The camera data processing includes corrections for geometric aberrations, the dark signal from the raw image (mean value of the dark pixels) was removed and the signal was normalised with the exposure time, and calibration coefficients were applied to convert the raw values into absolute radiance.  

Figure 3: NIR-RE-R-G-B Altum PT multispectral camera map from 80 m (left) and RGB image from AFX10 hyperspectral camera (right) over NIVA’s research station.

Figure 4: Remote sensing reflectance at five different wavelengths from the Altum PT multispectral camera from test flights over the experimental tank and Oslo fjord coastal water.
Figure 5: Remote sensing reflectance from 400-950 nm from the Specim AFX10 hyperspectral camera from test flights over the experimental tank and Oslo fjord coastal water.

Ocean colour algorithms can then be applied using reflectance data to retrieve the concentration of seawater constituents of interest.
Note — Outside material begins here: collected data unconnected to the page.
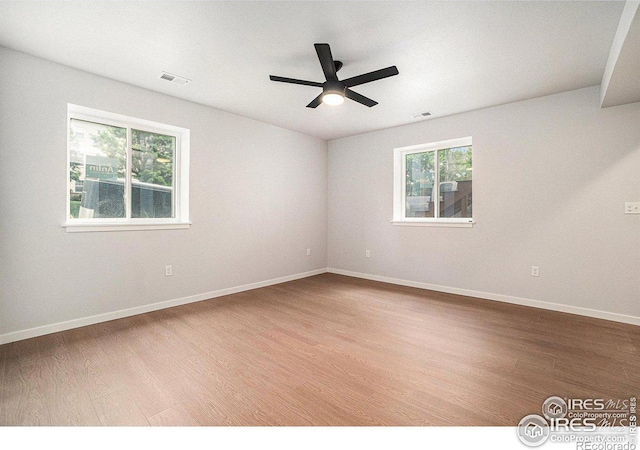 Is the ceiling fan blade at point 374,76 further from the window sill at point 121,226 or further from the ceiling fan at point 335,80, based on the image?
the window sill at point 121,226

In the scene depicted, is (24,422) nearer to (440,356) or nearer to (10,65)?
(440,356)

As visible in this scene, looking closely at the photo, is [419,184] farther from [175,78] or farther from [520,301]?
[175,78]

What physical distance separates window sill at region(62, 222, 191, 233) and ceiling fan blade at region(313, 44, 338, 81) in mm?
2451

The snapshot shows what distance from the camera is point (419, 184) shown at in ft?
16.2

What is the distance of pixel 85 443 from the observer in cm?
148

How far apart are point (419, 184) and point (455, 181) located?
568 millimetres

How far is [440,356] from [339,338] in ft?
2.79

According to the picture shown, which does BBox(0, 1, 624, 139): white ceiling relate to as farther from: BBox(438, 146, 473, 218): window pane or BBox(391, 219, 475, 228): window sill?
BBox(391, 219, 475, 228): window sill

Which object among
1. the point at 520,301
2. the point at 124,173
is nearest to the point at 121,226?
the point at 124,173

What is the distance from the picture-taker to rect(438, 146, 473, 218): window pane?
14.4 feet

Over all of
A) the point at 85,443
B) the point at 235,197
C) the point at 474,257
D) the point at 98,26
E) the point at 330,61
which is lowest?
the point at 85,443

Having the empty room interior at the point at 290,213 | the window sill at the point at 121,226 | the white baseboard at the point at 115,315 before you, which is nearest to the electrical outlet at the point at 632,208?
the empty room interior at the point at 290,213

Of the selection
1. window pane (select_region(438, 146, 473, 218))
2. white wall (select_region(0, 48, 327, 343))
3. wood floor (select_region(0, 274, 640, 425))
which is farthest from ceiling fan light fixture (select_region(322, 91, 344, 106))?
window pane (select_region(438, 146, 473, 218))

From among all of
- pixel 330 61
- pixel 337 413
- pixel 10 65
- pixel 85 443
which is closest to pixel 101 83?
pixel 10 65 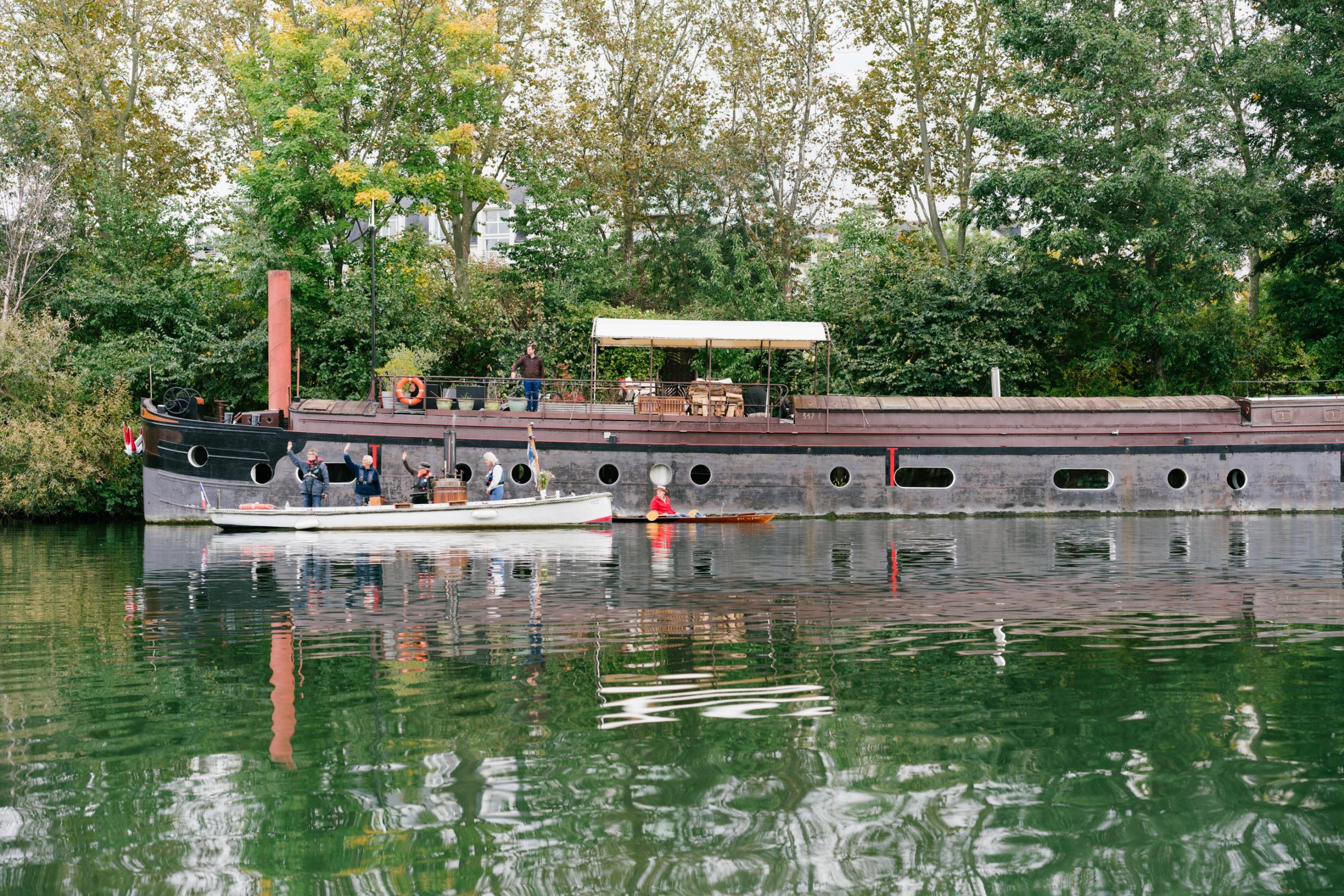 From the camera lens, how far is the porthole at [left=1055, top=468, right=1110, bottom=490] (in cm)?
2839

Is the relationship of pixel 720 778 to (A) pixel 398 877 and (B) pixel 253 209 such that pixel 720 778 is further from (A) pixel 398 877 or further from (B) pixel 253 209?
(B) pixel 253 209

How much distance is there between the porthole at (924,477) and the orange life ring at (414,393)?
10.8 metres

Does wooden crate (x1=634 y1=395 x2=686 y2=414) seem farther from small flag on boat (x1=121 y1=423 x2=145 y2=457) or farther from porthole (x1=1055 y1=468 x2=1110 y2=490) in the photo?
small flag on boat (x1=121 y1=423 x2=145 y2=457)

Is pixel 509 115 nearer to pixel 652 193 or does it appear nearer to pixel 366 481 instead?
pixel 652 193

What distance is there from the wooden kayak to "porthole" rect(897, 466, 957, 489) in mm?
3420

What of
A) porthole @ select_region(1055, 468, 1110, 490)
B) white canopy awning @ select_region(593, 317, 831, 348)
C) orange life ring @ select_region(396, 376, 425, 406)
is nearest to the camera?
white canopy awning @ select_region(593, 317, 831, 348)

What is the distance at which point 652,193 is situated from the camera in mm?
40438


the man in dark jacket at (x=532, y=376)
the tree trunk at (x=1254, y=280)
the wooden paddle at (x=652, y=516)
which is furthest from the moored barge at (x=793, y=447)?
the tree trunk at (x=1254, y=280)

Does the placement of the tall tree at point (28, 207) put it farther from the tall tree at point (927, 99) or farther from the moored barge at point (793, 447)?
the tall tree at point (927, 99)

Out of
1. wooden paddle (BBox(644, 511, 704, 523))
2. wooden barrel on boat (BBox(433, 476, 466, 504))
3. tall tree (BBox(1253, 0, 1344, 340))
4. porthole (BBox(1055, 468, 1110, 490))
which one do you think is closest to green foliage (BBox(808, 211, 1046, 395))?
porthole (BBox(1055, 468, 1110, 490))

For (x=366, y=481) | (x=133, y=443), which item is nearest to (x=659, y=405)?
(x=366, y=481)

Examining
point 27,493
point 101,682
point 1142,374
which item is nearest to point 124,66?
point 27,493

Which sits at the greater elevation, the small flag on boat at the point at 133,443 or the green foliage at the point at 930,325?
the green foliage at the point at 930,325

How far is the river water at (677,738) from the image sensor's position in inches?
207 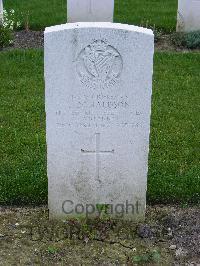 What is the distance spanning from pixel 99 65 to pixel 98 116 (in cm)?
40

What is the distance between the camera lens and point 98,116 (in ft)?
14.4

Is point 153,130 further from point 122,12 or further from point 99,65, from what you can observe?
point 122,12

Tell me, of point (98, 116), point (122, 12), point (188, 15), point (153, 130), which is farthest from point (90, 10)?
point (98, 116)

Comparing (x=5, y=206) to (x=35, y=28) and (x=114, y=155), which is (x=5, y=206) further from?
(x=35, y=28)

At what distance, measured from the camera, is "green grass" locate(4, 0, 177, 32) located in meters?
11.3

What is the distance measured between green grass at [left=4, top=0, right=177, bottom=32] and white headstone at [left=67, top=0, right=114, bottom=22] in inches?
22.0

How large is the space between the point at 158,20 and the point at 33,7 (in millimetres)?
2859

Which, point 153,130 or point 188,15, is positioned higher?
point 188,15

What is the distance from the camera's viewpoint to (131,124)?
14.5ft

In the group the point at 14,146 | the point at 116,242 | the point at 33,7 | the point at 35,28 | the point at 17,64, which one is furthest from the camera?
the point at 33,7

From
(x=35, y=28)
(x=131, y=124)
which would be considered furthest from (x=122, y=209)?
(x=35, y=28)

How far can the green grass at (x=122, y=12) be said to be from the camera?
37.0ft

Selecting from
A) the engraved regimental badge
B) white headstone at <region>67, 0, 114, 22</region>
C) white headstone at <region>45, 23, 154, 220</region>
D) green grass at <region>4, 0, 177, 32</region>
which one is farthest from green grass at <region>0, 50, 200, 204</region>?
green grass at <region>4, 0, 177, 32</region>

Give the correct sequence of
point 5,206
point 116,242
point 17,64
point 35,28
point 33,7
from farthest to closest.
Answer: point 33,7, point 35,28, point 17,64, point 5,206, point 116,242
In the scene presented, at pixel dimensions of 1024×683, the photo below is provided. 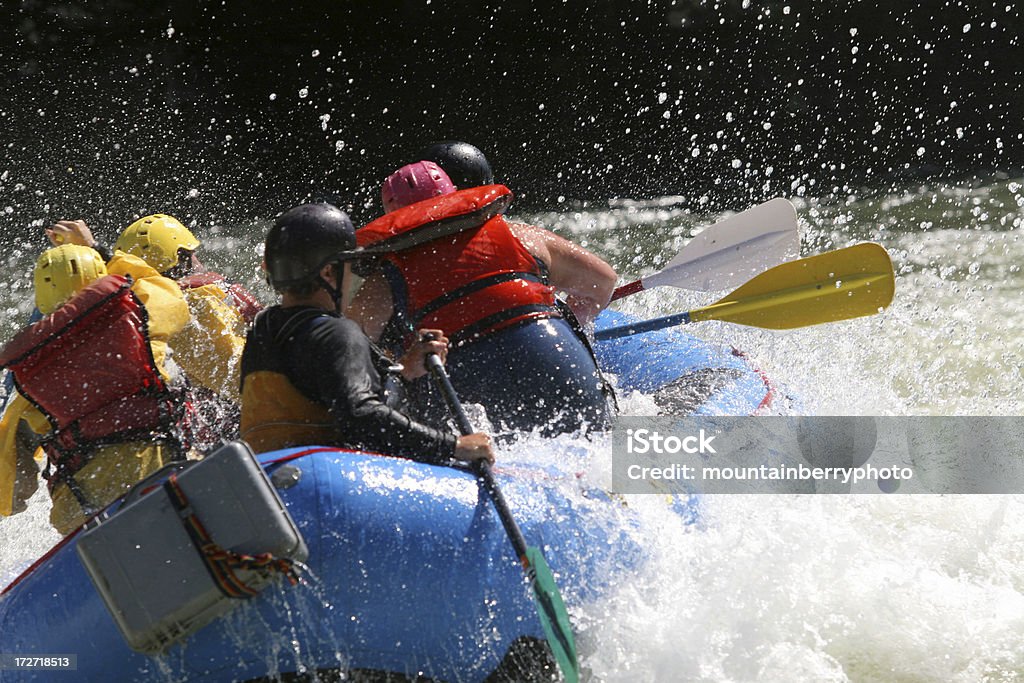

In this first study, empirical relationships have been examined between reflectances from the cameras and reference chl-a and turbidity measurements. 

Figure 6: Remote sensing reflectance (475 nm/560 nm) plotted against chl-a concentration (mg m-3 = µg l-1) from the Altum PT multispectral camera (left) and from the Specim AFX10 hyperspectral camera (right) from test flights over the experimental tank and Oslo fjord coastal water.

For Chl-a matchups, both the multispectral and hyperspectral cameras performed well across the experimental range of 0.78-17.44 µg chl-a L-1. The hyperspectral camera data also exhibit chl-a absorption at 670 nm and sun-induced chl-a fluorescence at 760 nm. 

Figure 7: Remote sensing reflectance (717 nm) plotted against turbidity concentration (FNU) from the Altum PT multispectral camera (left) and from the Specim AFX10 hyperspectral camera (right) from test flights over the experimental tank and Oslo fjord coastal water.

For turbidity matchups, both cameras also performed well across the experimental range of 1.06-18.49 FNU. Despite the turbidimeter measuring in the NIR (860nm), the best correlation with the multispectral camera was in the red edge band (717 nm), and therefore 717 nm was used for both cameras. Turbidity is strongly correlated with total suspended material (TSM) concentration. 

Plastic Litter

A test scenario of simulated plastic litter was also conducted where plastic pieces of different sizes were placed on a nearby beach and has confirmed that the UAV-camera packages were able to capture images with image spatial resolution better than 1 cm to detect small object and spectral patterns from different polymer types was discernible. The images are partitioned using the Deep Endmember Hierarchy technique into constituent spectra. 

Figure 8: False colour Altum PT multispectral camera map over the beach with plastic litter.
Figure 9. Left: AFX10 hyperspectral camera RGB image over the beach (bright white object if the reference target). Right: Partitioned scene.